HIDUPKATOLIK.com – Pastor, saya merasa terganggu dengan istilah Kitab Suci itu fiksi. Apakah benar Kitab Suci itu fiksi?
Alexander, Surabaya
Tidak benar bahwa Kitab Suci adalah fiksi. Kata fiksi menunjuk pada kisah yang berasal dari imaginasi. Dalam fiksi itu, yang dominan adalah imaginasinya, sehingga data sejarah, bilamana dipakai, hanya dipakai demi menguatkan alur imaginasi tersebut. Cara ini sering dipakai misalnya oleh para penulis novel sejarah. Down Brown misalnya, dalam novel detektif misterinya, Da Vinci Code, menggunakan data untuk menguatkan imaginasinya tentang kemungkinan adanya keturunan Yesus dari Maria Magdalena. Meski datanya sudah dikritik sebagai tidak akurat dan tidak ilmiah, tak pelak buku itu telah mengguncangkan iman sebagian orang.
Dalam Kitab Suci, bukan imaginasilah yang dominan. Isi Kitab Suci bukanlah khayalan, melainkan fakta keselamatan, yaitu pengalaman iman umat dengan Allah yang campur tangan dalam sejarah manusia.

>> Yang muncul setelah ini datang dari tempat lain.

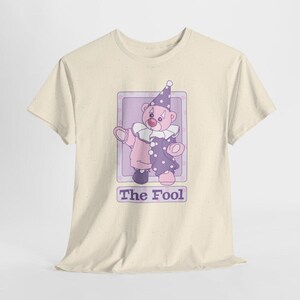 May include: A cream-colored short-sleeve t-shirt featuring a graphic of a teddy bear dressed as a clown in a purple and pink outfit with a matching hat. The bear is inside a rectangular frame with the text The Fool printed below it.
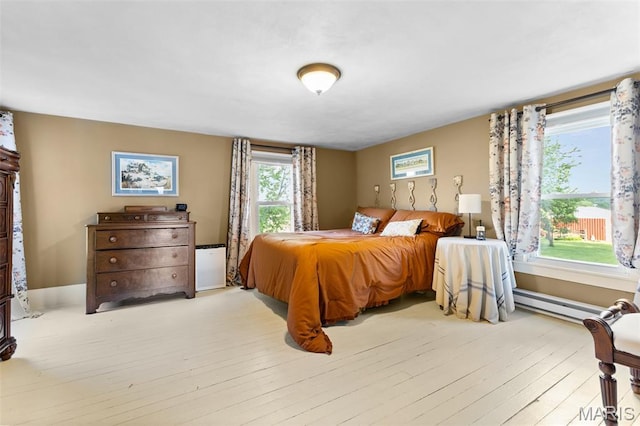 5704 Feezor Rd, Farmington, MO 63640 - bedroom with a baseboard radiator and light wood finished floors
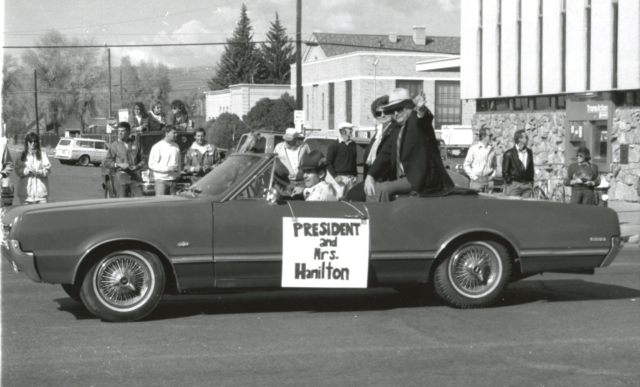 WSC President and Mrs. William Hamilton in the Homecoming parade, ca. 1990.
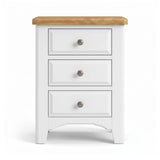 Mimosa three-drawer nightstand with a white painted body, a natural light wood top, and round metallic knobs, shown on a clean white background.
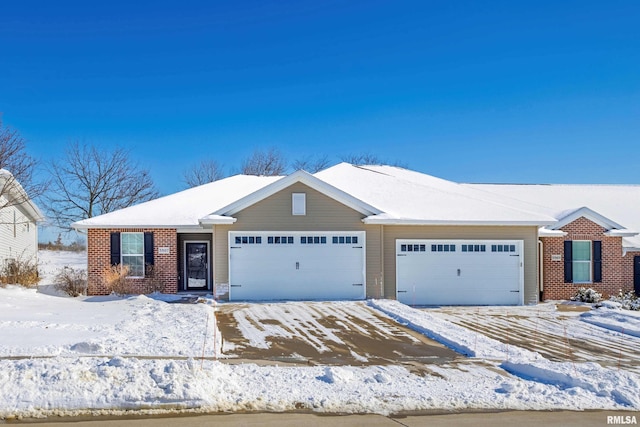 single story home featuring a garage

Pengalaman itulah yang direnungkan dan dituliskan oleh para penulis Kitab Suci dengan bantuan Roh Kudus. Inilah yang disebut proses inspirasi.
Menurut Konsili Vatikan II, meskipun diinspirasi Roh Kudus, para penulis Kitab Suci tetap mengunakan kemampuan manusiawi mereka (DV 11). Mereka boleh dinamakan pelapor sejarah, tetapi terutama sekali adalah pelapor iman. Mereka itu dekat dengan data sejarah, misalnya mereka adalah murid Yesus sendiri atau kenalan dekat mereka, tetapi kedekatan itu terjadi karena mereka sunguh-sungguh bagian dari pengalaman iman itu. Tak jarang sumber-sumber lisan atau tulisan sebelumnya dirujuk dan hasil ‘penelitian’ diarahkan untuk kelompok umat tertentu. Itu membuat setiap tulisan unik dan khas.
Dugaan fiktif sendiri bisa muncul karena dua hal: pertama, adanya kisah-kisah mirip dongeng, seperti misalnya beberapa kisah sebelum panggilan Abraham (lih. Kej. 1-10). Kedua, karena adanya beberapa keterangan berbeda dalam kisah-kisah yang paralel, terutama dalam Injil. Misalnya berapa sebenarnya jumlah orang yang diberi makan Yesus, lima ribu atau empat ribu (lih. Mrk. 8:19-20)? Bagaimana sebenarnya urutan penggodaan terhadap Yesus (bdk. Luk. 4 dan Mat. 4)? dan sebagainya.
Tentang yang pertama, ingatlah bahwa latar belakang budaya atau pengetahuan saat itu turut mempengaruhi. Penulis juga kadang-kadang memakai kisah yang telah ada. Namun, ia tidak sekadar menceritakan kembali, tetapi juga memodifikasinya untuk mengungkapkan kebenaran iman. Jadi kembali fakta pengalaman imanlah yang menjadi titik berangkat. Misalnya untuk mengungkapkan iman akan Allah Pencipta, penulis menyusun kisah penciptaan (Kej. 1). Kisahnya muncul pada masa pembuangan, saat Israel menyadari bahwa Allah Israel bukan hanya milik mereka saja, melainkan Allah alam semesta.
Pengetahuan alam saat itu turut mempengaruhi cara penggambaran proses penciptaan Allah itu. Kisahnya unik, tetapi pesannya jelas: Allah itu Maha Kuasa, Pencipta segala yang ada, baik yangkelihatan mapun tak kelihatan. Ia mencipta dengan sabda-Nya dan di antara ciptaan itu manusia sungguh istimewa karena merupakan citra-Nya. Jadi pentinglah membedakan antara kisah dan inti iman yang mau disampaikan.
Tentang yang kedua, perbedaan keterangan sering terjadi karena faktor sumber. Ingatlah bahwa pada zaman penulisan itu, sudah ada banyak kisah tentang Yesus baik lisan maupun tertulis. Penulis harus memilah-milah dan mengolah data tersebut, sehingga perbedaan keterangan dalam penceritaan bisa saja terjadi. Semuanya itu tidak mengurangi isi dan maksud utama penulis, yaitu menyampaikan kebenaran tentang Allah dan Yesus yang diutus-Nya untuk menyelamatkan dunia. Roh Kuduslah yang membuat, sehingga Kitab Suci mengajarkan tanpa kekeliruan kebenaran yang Allah kehendaki demi keselamatan kita (bdk. DV 11).